Problem statement: Return each line of the records below that contains the word "Leather".

[Brief descriptive captions]
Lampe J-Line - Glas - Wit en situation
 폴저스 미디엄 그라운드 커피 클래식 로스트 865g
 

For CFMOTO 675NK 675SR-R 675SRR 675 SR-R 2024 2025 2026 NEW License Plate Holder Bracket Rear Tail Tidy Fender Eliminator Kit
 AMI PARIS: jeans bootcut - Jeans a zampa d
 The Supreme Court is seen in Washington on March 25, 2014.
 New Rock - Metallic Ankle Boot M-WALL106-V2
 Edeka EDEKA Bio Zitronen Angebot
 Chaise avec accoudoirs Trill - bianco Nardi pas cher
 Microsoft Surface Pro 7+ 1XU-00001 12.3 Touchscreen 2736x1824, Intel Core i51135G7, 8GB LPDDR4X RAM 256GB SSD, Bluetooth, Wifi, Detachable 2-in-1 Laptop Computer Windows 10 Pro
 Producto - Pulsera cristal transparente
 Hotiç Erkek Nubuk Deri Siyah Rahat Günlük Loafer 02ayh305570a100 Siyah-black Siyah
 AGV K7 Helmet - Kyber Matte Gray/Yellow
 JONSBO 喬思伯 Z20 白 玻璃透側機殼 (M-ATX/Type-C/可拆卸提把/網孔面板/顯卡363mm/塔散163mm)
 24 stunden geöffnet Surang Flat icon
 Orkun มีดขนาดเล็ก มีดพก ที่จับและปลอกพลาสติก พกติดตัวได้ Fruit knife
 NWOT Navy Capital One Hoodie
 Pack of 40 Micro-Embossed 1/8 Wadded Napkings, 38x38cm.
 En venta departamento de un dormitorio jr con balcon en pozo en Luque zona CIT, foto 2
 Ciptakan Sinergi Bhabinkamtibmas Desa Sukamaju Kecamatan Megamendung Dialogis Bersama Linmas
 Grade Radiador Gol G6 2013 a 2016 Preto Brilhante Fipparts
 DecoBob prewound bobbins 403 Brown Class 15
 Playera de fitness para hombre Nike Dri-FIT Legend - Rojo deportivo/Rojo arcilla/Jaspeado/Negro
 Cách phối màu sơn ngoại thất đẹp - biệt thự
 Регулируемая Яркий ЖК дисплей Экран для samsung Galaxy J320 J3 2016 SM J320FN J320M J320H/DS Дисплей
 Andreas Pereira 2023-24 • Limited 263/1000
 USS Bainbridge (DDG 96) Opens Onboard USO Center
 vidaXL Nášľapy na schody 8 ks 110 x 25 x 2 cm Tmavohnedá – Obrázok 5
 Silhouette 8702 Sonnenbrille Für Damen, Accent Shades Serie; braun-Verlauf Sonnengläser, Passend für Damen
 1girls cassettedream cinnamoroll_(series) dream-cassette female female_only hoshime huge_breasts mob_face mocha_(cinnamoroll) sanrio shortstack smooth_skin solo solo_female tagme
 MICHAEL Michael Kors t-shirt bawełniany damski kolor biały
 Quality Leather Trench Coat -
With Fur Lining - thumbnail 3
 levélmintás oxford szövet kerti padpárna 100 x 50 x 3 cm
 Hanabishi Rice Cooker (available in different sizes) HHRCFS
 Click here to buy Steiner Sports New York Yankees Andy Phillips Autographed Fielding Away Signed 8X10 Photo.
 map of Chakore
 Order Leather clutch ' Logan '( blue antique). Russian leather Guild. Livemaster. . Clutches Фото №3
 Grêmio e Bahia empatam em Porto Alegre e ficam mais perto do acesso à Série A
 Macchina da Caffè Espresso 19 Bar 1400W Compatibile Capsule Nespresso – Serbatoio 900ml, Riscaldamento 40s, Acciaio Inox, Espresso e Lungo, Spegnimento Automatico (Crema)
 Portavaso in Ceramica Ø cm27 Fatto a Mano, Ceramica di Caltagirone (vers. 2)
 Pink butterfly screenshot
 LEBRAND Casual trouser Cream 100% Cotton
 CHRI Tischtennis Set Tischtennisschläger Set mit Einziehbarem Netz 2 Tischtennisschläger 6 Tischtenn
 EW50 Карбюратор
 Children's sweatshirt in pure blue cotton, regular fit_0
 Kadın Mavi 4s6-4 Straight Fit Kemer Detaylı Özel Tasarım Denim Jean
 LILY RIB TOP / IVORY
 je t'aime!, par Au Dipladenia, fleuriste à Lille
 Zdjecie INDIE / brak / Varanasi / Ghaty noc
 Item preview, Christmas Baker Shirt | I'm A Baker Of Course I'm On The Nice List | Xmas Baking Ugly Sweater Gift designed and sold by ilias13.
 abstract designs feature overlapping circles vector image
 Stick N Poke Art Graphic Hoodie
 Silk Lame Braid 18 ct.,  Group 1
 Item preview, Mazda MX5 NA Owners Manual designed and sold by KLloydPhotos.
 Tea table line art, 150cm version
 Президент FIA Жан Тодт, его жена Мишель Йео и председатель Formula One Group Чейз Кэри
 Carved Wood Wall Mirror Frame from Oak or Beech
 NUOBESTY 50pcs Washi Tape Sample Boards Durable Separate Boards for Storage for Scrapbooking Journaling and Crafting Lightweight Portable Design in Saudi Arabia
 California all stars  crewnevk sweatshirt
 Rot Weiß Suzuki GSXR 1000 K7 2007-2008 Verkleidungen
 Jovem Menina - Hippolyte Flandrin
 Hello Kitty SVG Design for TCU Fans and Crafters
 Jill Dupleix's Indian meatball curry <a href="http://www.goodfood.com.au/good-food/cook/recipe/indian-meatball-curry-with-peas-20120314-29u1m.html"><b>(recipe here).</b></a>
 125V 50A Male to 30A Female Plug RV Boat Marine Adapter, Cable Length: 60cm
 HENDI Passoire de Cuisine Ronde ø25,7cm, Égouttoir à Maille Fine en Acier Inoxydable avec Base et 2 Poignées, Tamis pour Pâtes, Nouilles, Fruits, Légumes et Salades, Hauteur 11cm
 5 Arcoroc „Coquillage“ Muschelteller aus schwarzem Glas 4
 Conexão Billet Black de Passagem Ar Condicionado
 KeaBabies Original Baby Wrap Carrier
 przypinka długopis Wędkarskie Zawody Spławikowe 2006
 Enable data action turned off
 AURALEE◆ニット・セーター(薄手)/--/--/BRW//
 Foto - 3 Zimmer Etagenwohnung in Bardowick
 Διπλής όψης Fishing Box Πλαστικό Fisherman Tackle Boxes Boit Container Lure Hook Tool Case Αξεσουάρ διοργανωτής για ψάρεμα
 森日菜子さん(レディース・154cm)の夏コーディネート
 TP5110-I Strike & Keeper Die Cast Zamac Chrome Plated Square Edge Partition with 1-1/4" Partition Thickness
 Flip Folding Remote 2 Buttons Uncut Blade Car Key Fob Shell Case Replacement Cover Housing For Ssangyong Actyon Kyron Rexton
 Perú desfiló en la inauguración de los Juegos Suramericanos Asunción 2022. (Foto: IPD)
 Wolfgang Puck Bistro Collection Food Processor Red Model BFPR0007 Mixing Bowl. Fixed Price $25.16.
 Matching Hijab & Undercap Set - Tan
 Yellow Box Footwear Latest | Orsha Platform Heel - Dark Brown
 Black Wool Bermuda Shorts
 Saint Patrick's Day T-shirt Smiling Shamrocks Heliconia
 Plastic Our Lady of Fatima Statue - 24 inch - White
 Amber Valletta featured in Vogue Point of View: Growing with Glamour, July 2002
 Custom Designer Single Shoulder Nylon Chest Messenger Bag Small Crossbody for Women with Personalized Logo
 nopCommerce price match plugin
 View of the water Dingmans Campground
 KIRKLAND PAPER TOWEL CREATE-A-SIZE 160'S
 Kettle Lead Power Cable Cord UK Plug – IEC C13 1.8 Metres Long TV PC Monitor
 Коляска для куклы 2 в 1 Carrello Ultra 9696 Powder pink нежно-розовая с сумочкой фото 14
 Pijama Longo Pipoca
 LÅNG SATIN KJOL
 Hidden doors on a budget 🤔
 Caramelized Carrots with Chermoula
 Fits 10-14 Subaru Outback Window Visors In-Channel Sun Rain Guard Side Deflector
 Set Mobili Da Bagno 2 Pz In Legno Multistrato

Output below:
 Quality Leather Trench Coat -
 Order Leather clutch ' Logan '( blue antique). Russian leather Guild. Livemaster. . Clutches Фото №3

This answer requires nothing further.